Les autres comités, qui ont aussi chacun une partie du gouvernement, prennent souvent des arrêtés incohérents, contradictoires, parce qu’ils n’ont pas de point central om les opérations se discutent et se concentrent. Enfin, il y a, pour ainsi dire, treize gouvernements qui ne peuvent ni se concilier, ni s’entendre, qui tirent les rênes en tout sens et qui entravent la marche des affaires, au lieu de l’accélérer.

Les commissions exécutives se ressentent des vices de l’organisation des comités : elles sont trop nombreuses, leur pouvoir est trop disséminé ; elles sont obligés d’établir, dans beaucoup d’affaires, une correspondance qui consume le temps, des bras, de l’argent, et qui en ralentit la marche d’une manière funeste à la chose publique.

Dans un gouvernement, aucune partie des besoins publics n’est isolée et séparée des autres, tout se lie et se tient par des rapports intimes. Cette vérité doit servir de base à tous les gouvernements : si on n’y revient pas, si on l’altère, on ne fait que modifier l’anarchie. Je n’entre point dans tous les développements de ce principe, mais les esprits exercés les sentiront facilement.

Dans une guerre, par exemple, qu’on fait sur terre et sur mer, il faut combiner incessamment ensemble les forces qu’on veut déployer. Le commerce, l’agriculture et les subsistances doivent être aussi considérés relativement à l’état de guerre et à l’état de paix. Le maintien de la tranquillité intérieure de l’Etat ne peut se séparer non plus de la situation des relations extérieures ; et enfin les finances, ce principe de vie, tiré de toutes les veines de la nation, et qui doit y circuler, exigent impérieusement la connaissance parfaite de toutes les parties de l’administration générale.

On voit donc que dans le gouvernement tout est rapports ; que ce sont ces rapports qui forment les points de lumière, et que si l’on sépare les objets, qui de leur nature doivent être rapprochés, toute lumière est éteinte, et ce n’est pas merveille si on gouverne mal, lorsqu’on gouverne dans les ténèbres. (Applaudissements).

Le second caractère que nous avons assigné à un bon gouvernement, c’est une grande force et une grande puissance : dans le gouvernement actuel, la puissance et la force, dispersées dans treize comités, et dans un nombre infini de commissions et d’agences, ne se font voir et ne se font sentir nulle part avec grandeur ; elles n’existent réellement nulle part. A chaque instant un comité ou une commission sont obligés d’avoir recours à une autre commission, à un autre comité, pour la moindre mesure : la plus petite affaire est trainée ainsi d’une compétence incertaine en une compétence plus incertaine encore. Le peuple ne peut prendre aucune considération pour des comités et des commissions qui déclarent si souvent qu’ils n’ont pas le droit de prononcer.

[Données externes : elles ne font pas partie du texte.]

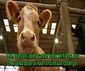 Breeding Cleaner Cattle Could Slow Climate Change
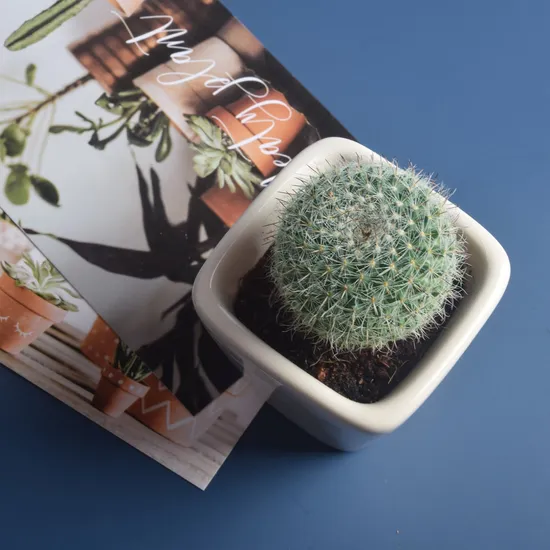 tipos de cactos para iniciantes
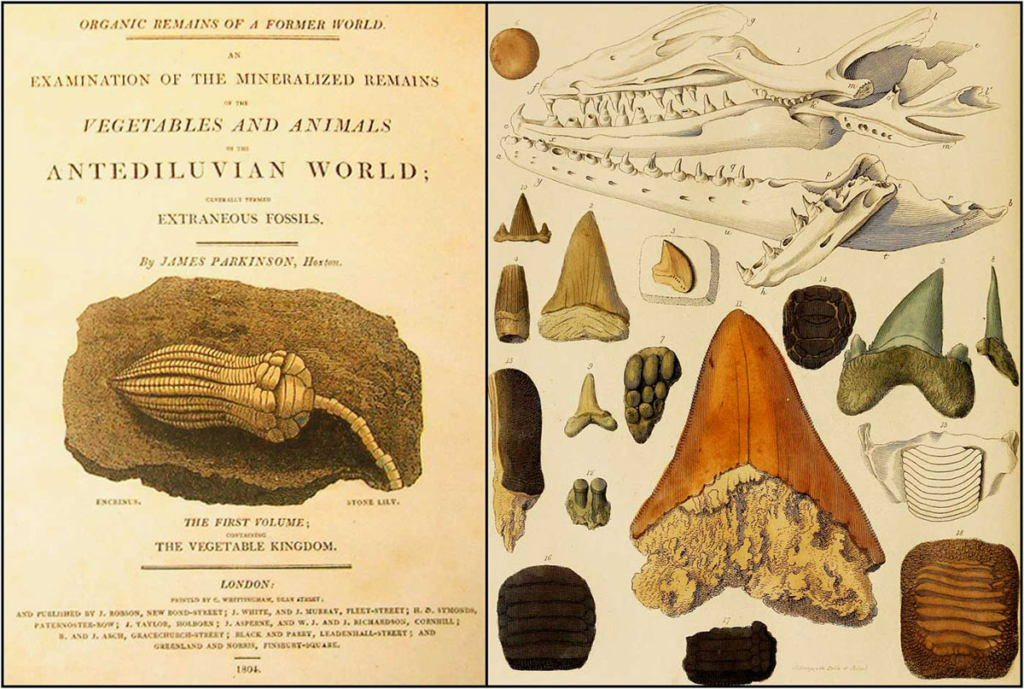 Репродукция фронтисписа первого тома «Органических останков прежнего мира» Джеймса Паркинсона, опубликованного между 1804 и 1811 годами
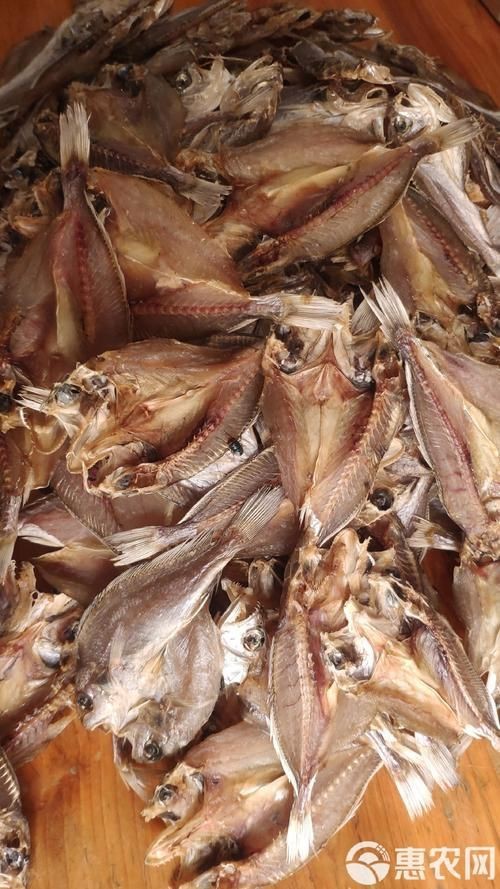 魟魚曬干后的圖片【[需手動填充]魚曬干后的形態(tài)與其水中游弋時的優(yōu)雅形象形成強烈反差】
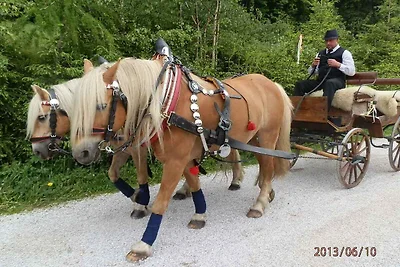 Ferienwohnung mit Garten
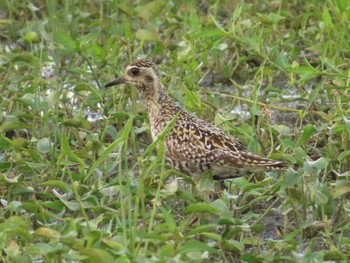 ムナグロ 厚木田んぼ(猿ヶ島) 2023年8月27日(日)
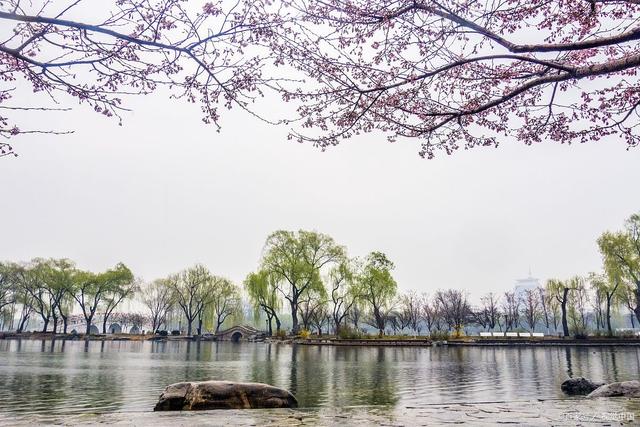 都市名家专栏：清玉案•东湖//张建华（图2）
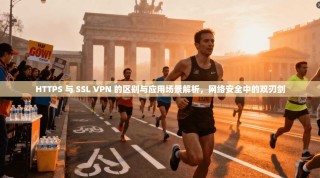 HTTPS 与 SSL VPN 的区别与应用场景解析，网络安全中的双刃剑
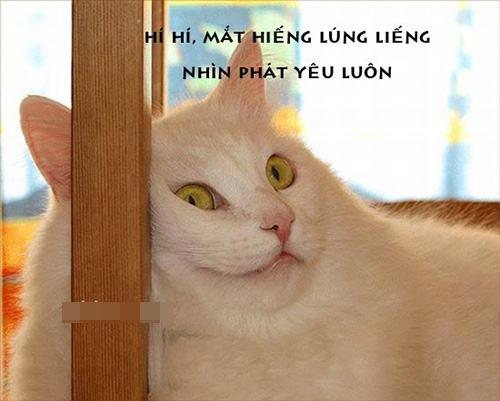 Ảnh cười bể bụng (P5): Những phút 'nguy hiểm' của động vật
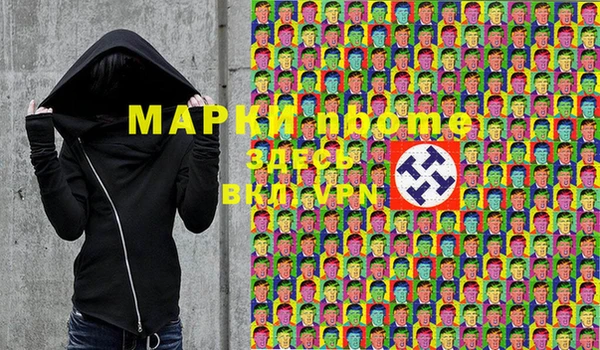 дурь Няндома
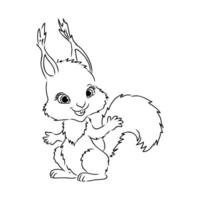 cartoon squirrel sketch vector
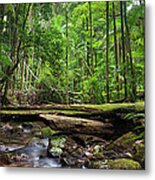 Rainforest Stream Panorama Metal Print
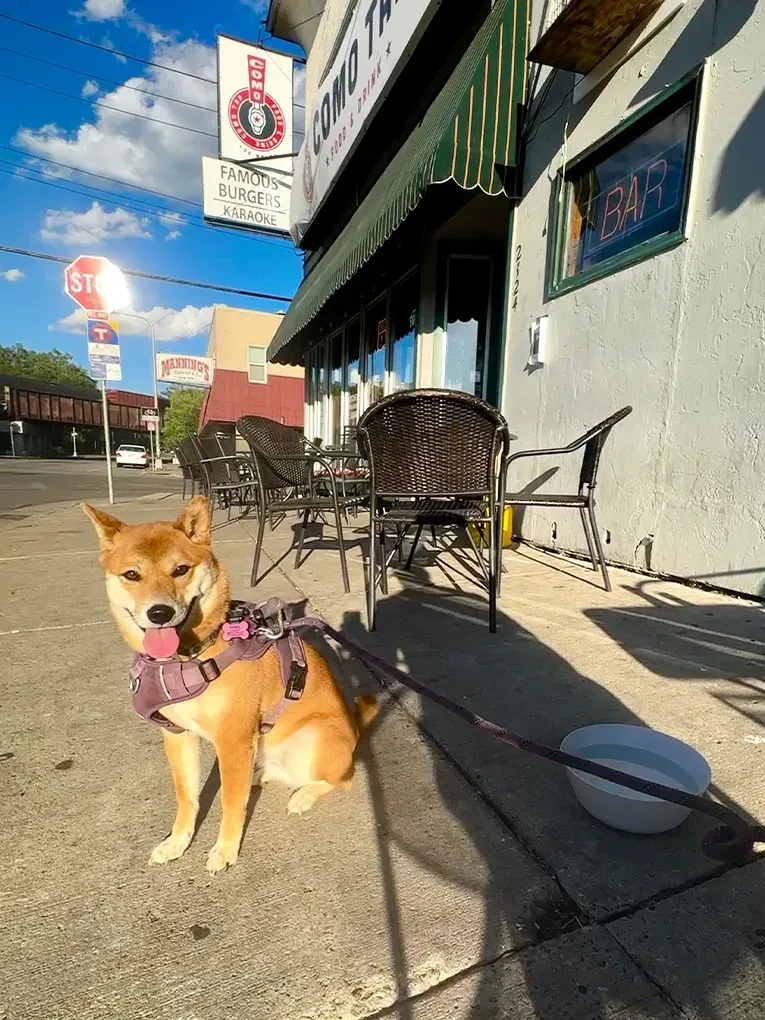 Tan Shiba Inu sits on a sidewalk outside Como Taverna restaurant.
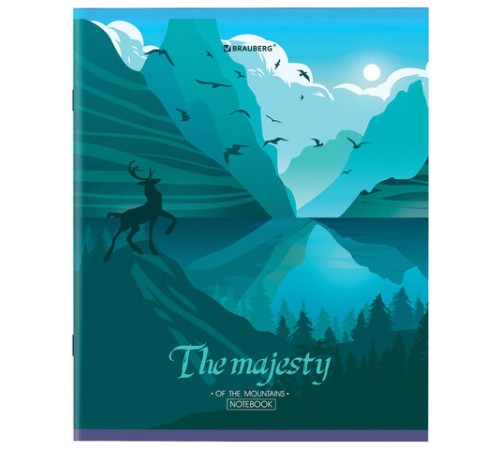 Тетрадь А5 48 л. BRAUBERG скоба, клетка, обложка картон, 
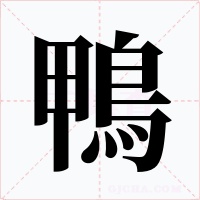 鴨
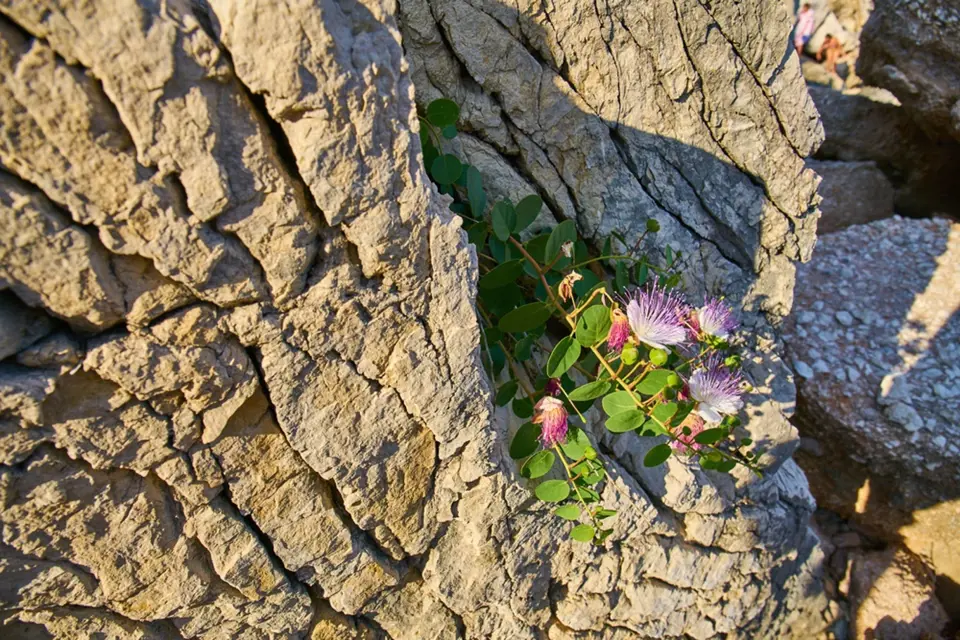 Kapara trnitá dobře roste na skalách a kamenných zdech.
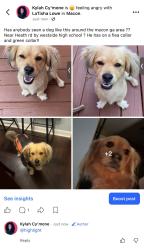 Lost Male Dog last seen Westside high school, Columbus Road, Heath Road,, Macon, GA 31206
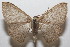  ( - 20-SRNP-102927)  @11 [ ] CreativeCommons  Attribution Non-Commercial Share-Alike (2023) Daniel H. Janzen Guanacaste Dry Forest Conservation Fund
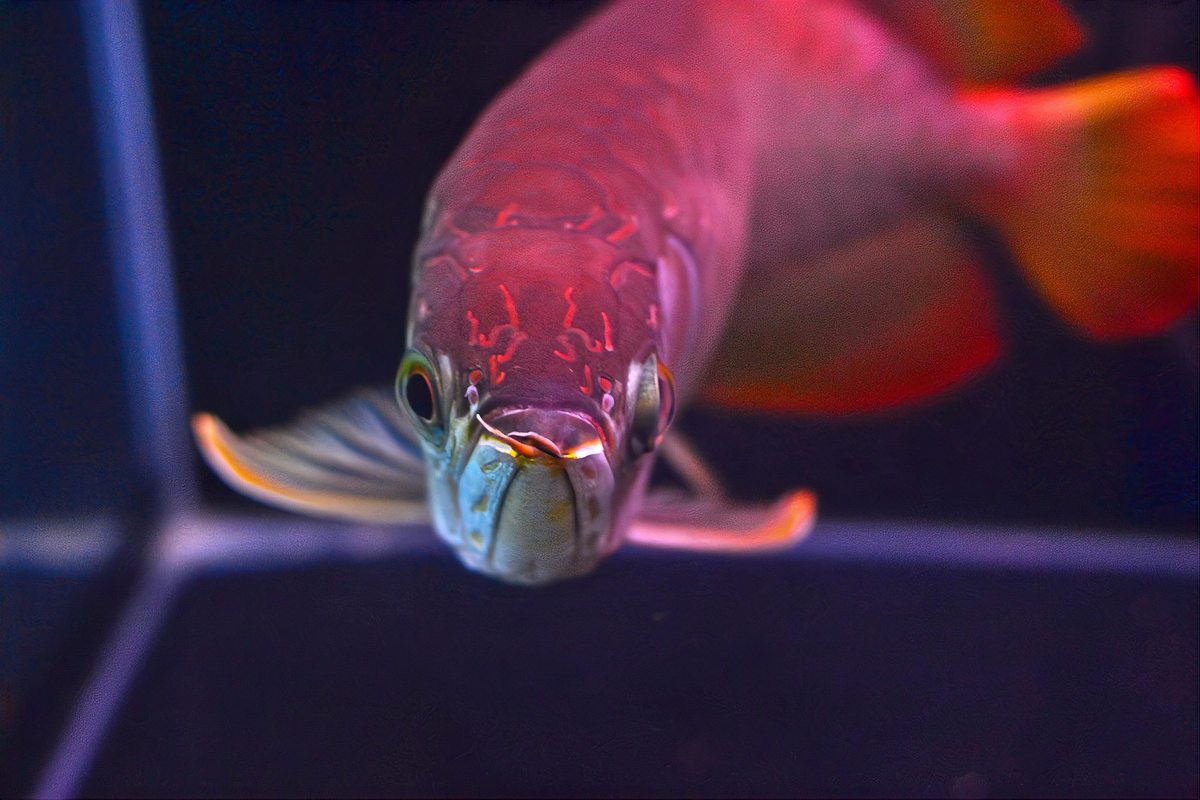 如何判斷龍魚是否倒缸？，龍魚倒缸后多久可以恢復正常，看看前后有何變化可能 如何判斷龍魚是否倒缸？，龍魚倒缸后多久可以恢復正常，看看前后有何變化可能 龍魚論壇 第4張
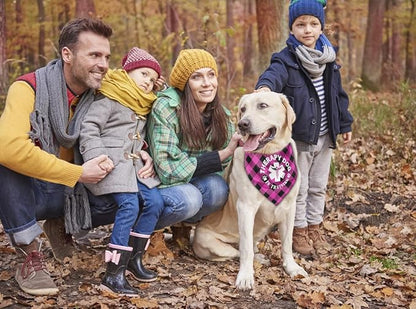 Dog Bandana, Therapy Dog Please Pet Me with, Dogs Scarf Classical Printing, Dogs Scarf Accessories, Doggy Kerchief Pet Kerchief, Christmas Birthday Thanksgiving Doggy Gift A07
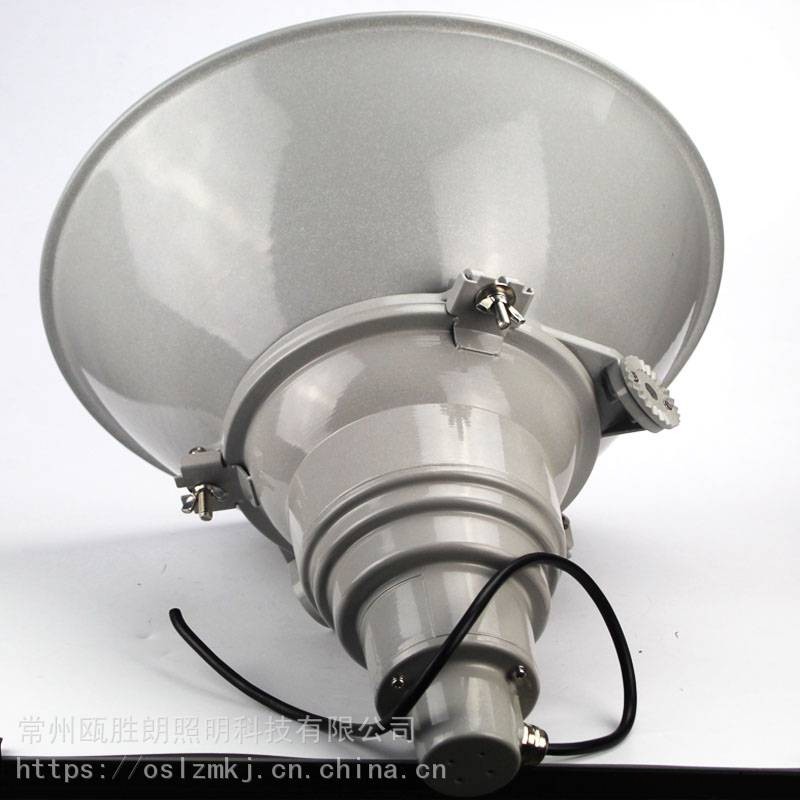 瓯胜朗NTC9200防震型超强投光灯大功率塔吊照明灯NTC9200J1000W图1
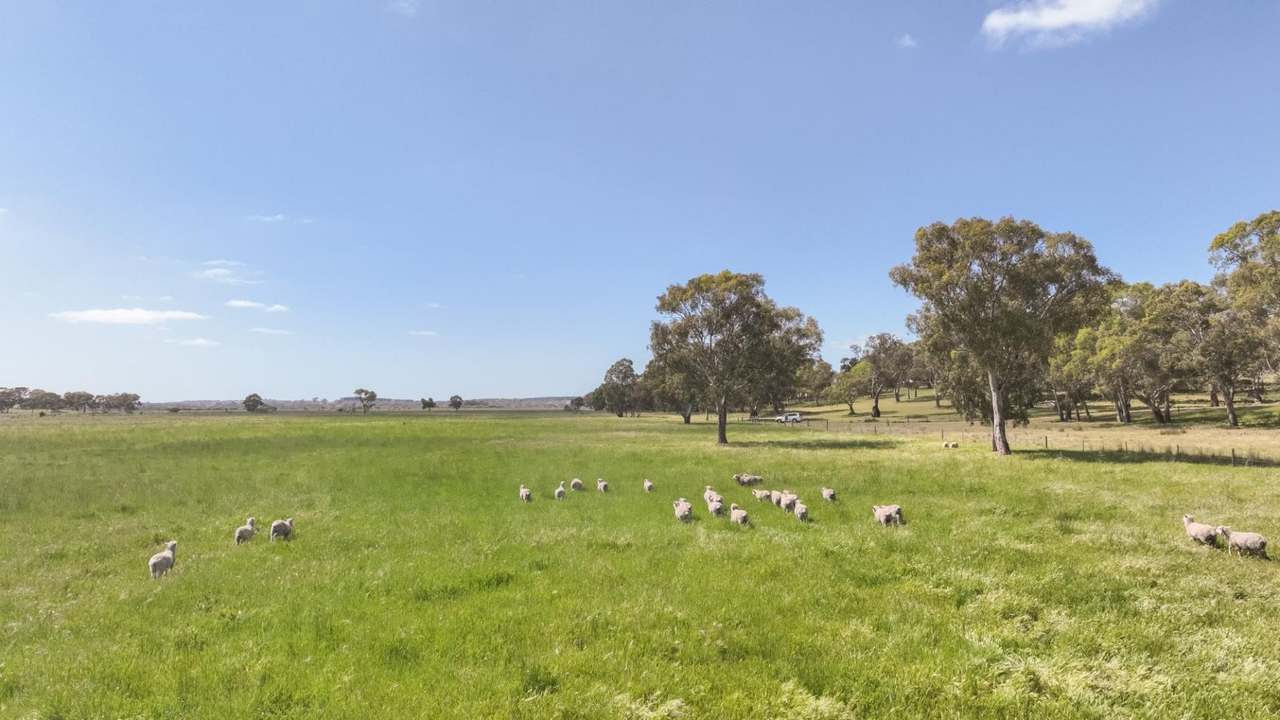 2702 Minnie Crowe Road, KEILIRA  Sold by Farmbuy.com - image 34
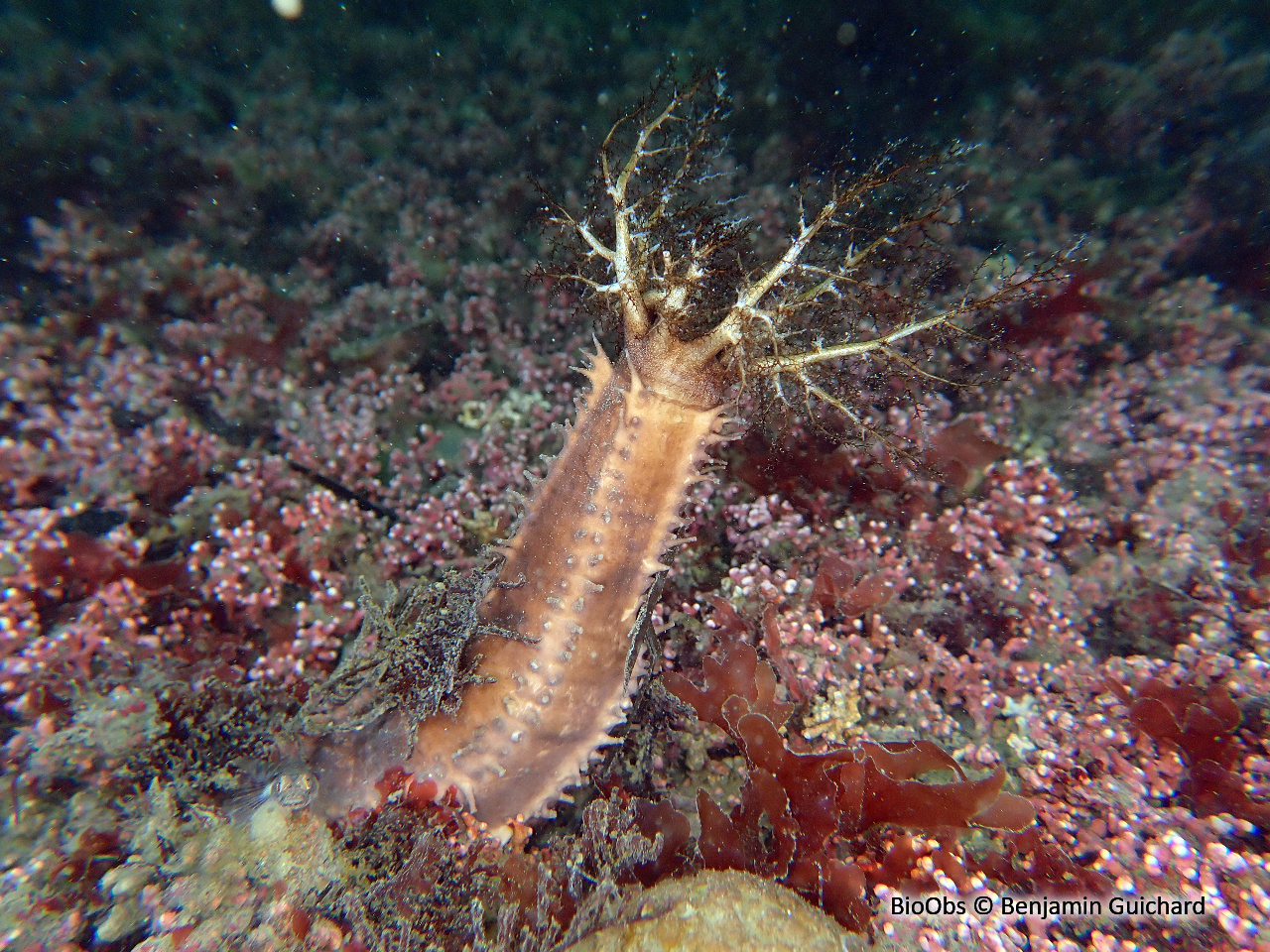 Lèche-doigts de Plancus - Ocnus planci - Benjamin Guichard - BioObs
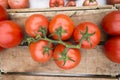 Fresh at market red tomatos on the vine Royalty Free Stock Photo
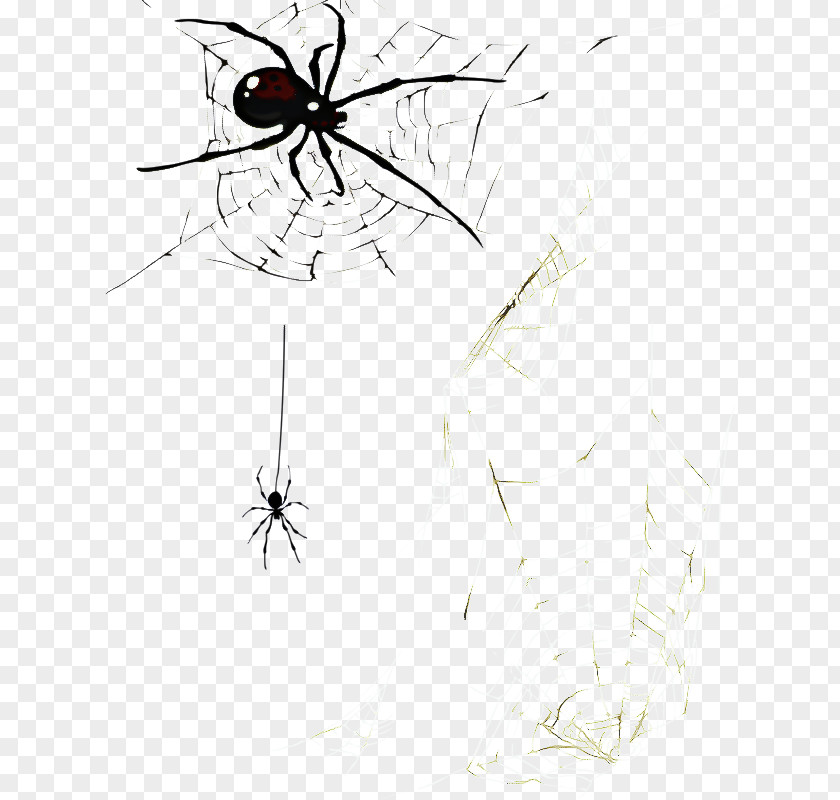 Drawing Blackandwhite Cartoon Spider PNG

Une espère ce dédain que la faiblesse inspire toujours, s’attache ainsi aux dépositaires de la force nationale ; et c’est sur ce dédain principalement que tous les perturbateurs de l’ordre fondent leurs espérances et leur audace.

Jamais le gouvernement n’aura de force, s’il n’est concentré tout entier dans les mêmes mains. Quelque chose que l’on substitue à cette organisation, il n’aura qu’une correspondance difficile dans ses parties ; il n’aura point d’uniformité dans ses mouvements, l’exécution sera lente et difficile, surtout dans les opérations mixtes ; il n’aura jamais cette rapidité et cette consistance nerveuse qui assure son unité et son action, en ramassant toutes ses forces pour les diriger vers un but commun.

Vous avez à gouverner une vaste république, une immense population, à faire marcher des ressorts multipliés à l’infini et compliqués en tout sens, à faire mouvoir tous les membres de ce grand corps, à les mettre en harmonie les uns avec les autres, à diriger des armées considérables, à pourvoir à tous leurs besoins, à vivifier et à étendre vos relations extérieures.

Plus le territoire d’un état est considérable et sa population nombreuse, plus son gouvernement exige d’ensemble, de promptitude et d’activité. Ce principe, fondé sur l’expérience de tous les temps et de tous les gouvernements, reçoit encore plus de poids des circonstances où nous nous trouvons. Nous ne devons jamais perdre de vue que les résistances ouvertes ou cachées des ennemis de la liberté exigent dans le gouvernement une ardeur, une activité et une vigilance extraordinaires.

Le troisième caractère que nous avons assigné à un bon gouvernement, c’est l’impossibilité de mettre la volonté personnelle de ses agents à la place de la loi et de la pensée du législateur : c’est enfin l’impossibilité de substituer l’arbitraire aux décrets.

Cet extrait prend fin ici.